__Assignment__
Output the lines of the entries below beginning at the one with "Малина Атлант (новинка)" and ending with the last, exactly as written and without pictures.

__Record excerpts__
--- START ---
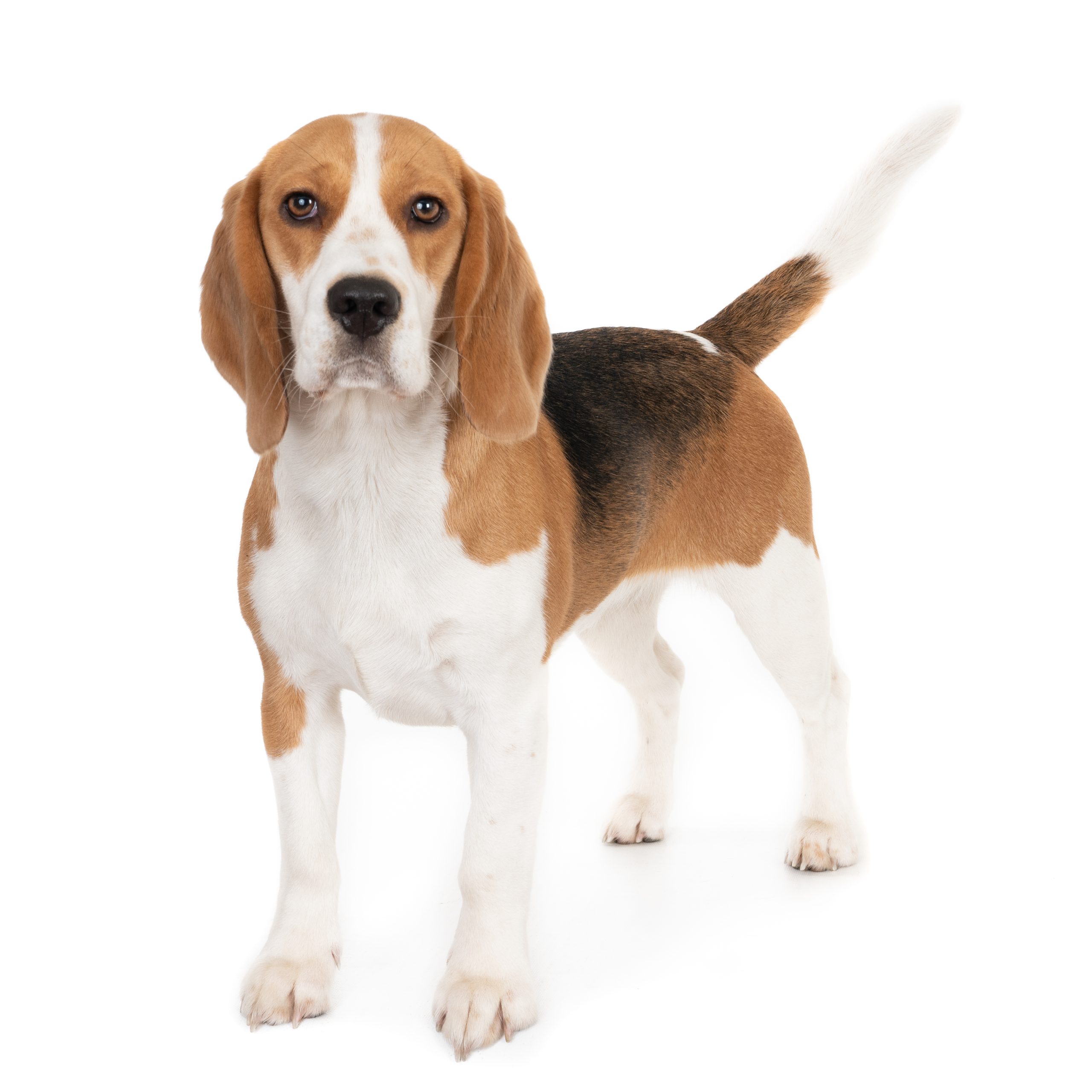 Beagle puppy staat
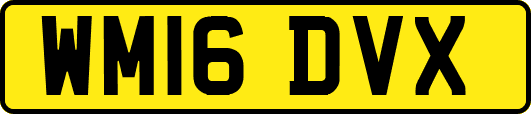 WM16DVX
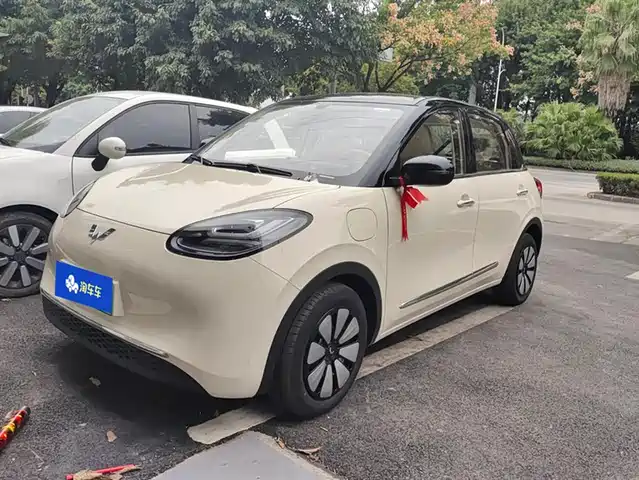 WULING AUTOMOBILE WULING BINGGUO 2025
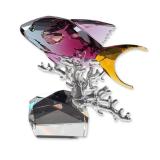 Swarovski Crystal Anthias Fish Figurine
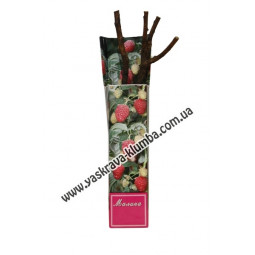 Малина Атлант (новинка)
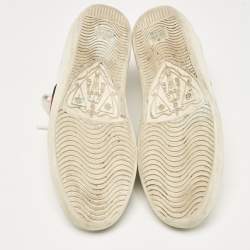 Gucci White Leather Ace Web Low Top Sneakers Size 36.5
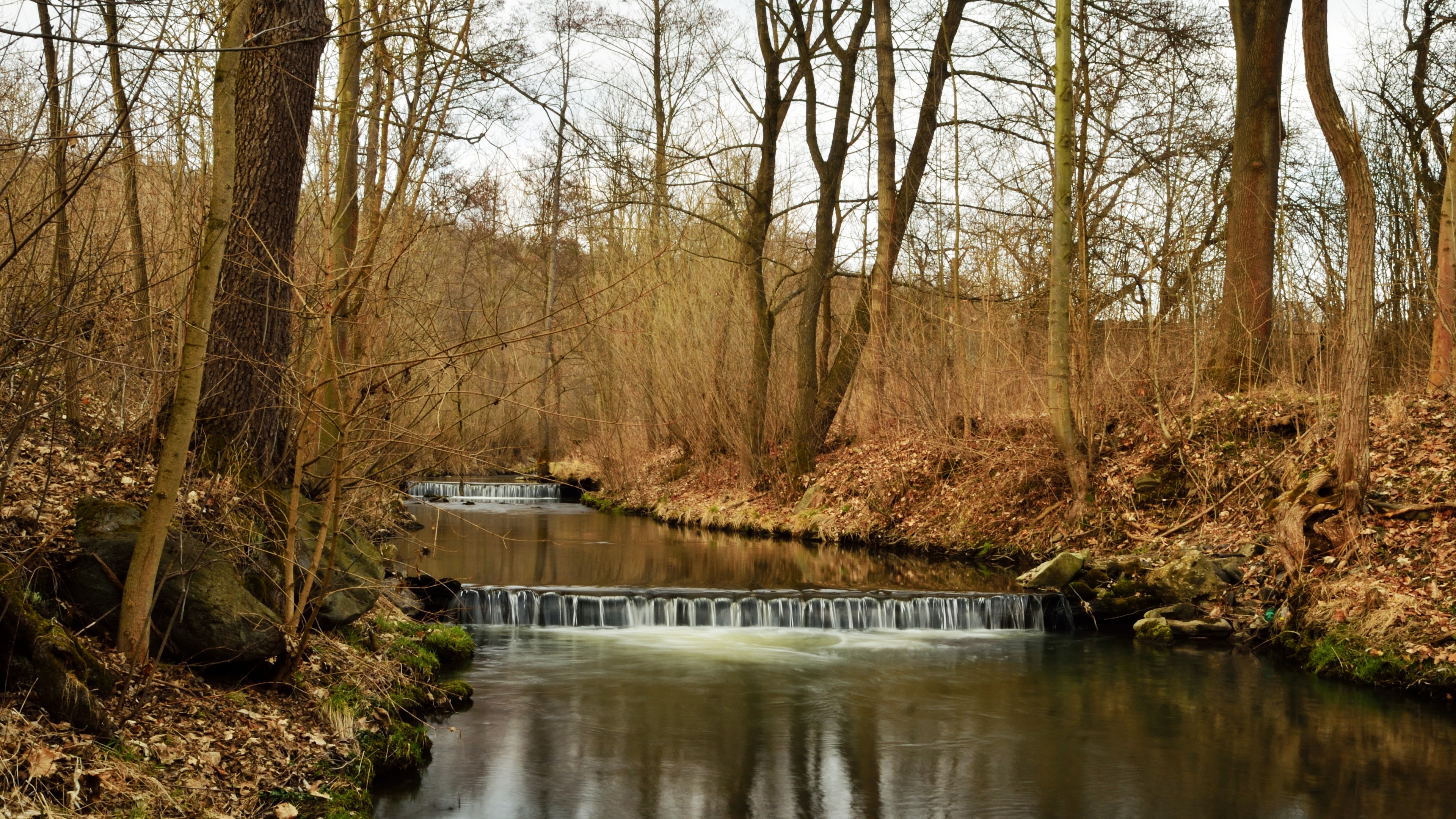 лес, река, раньше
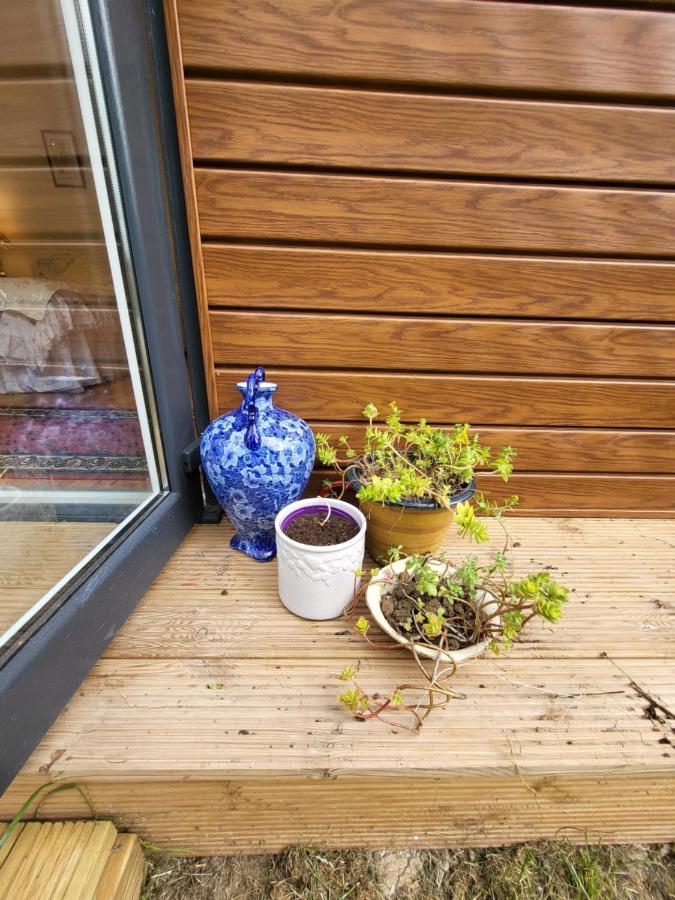 The Apple And Plum Cottage Studio Apartment New Reading Kültér fotó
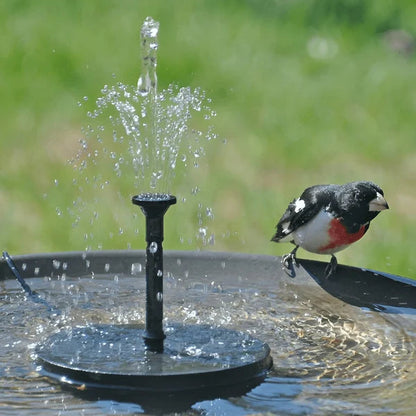 ⏳Offre à durée limitée⏰Pompe solaire compacte pour fontaine à oiseaux – Donnez vie à votre jardin ! 🐦️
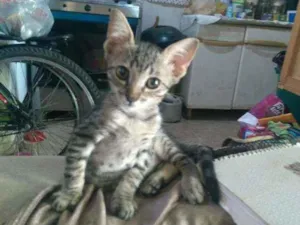 Gato raça Srd idade Abaixo de 2 meses nome Milk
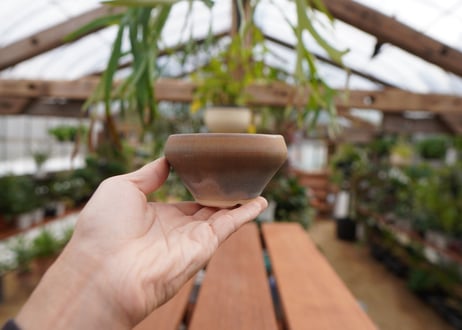 關まどか pot NO.4-3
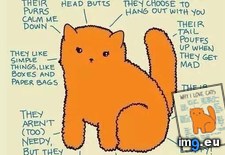 Tags: cats, love (Pict. in My r/CATS favs)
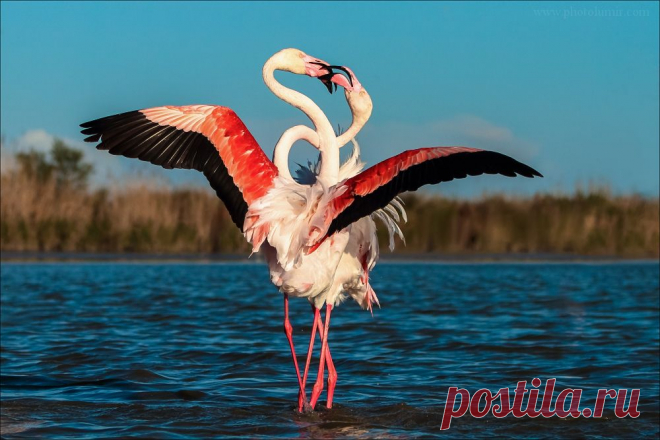 Фламинго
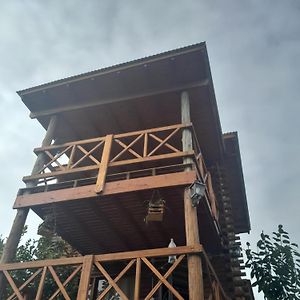Cabana Semilla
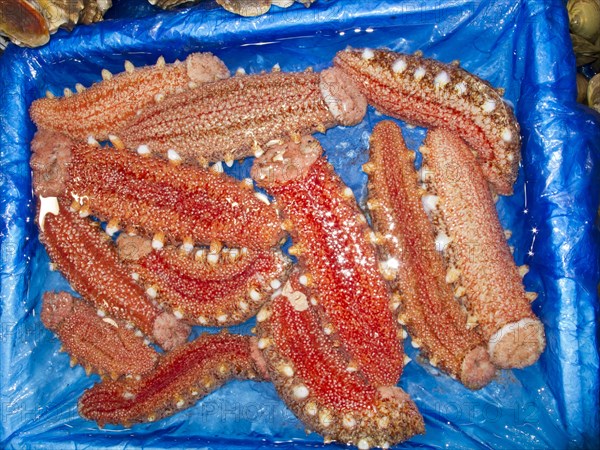 Red sea cucumbers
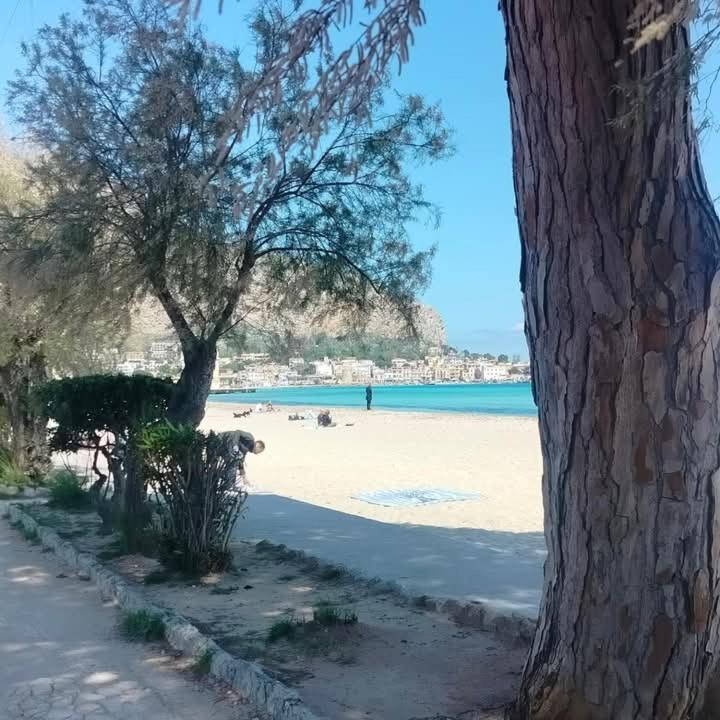 Affittacamere Juno's Mondello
--- END ---
__Output for this exercise__
 Малина Атлант (новинка)
 Gucci White Leather Ace Web Low Top Sneakers Size 36.5
 лес, река, раньше
 The Apple And Plum Cottage Studio Apartment New Reading Kültér fotó
 ⏳Offre à durée limitée⏰Pompe solaire compacte pour fontaine à oiseaux – Donnez vie à votre jardin ! 🐦️
 Gato raça Srd idade Abaixo de 2 meses nome Milk
 關まどか pot NO.4-3
 Tags: cats, love (Pict. in My r/CATS favs)
 Фламинго
Cabana Semilla
 Red sea cucumbers
 Affittacamere Juno's Mondello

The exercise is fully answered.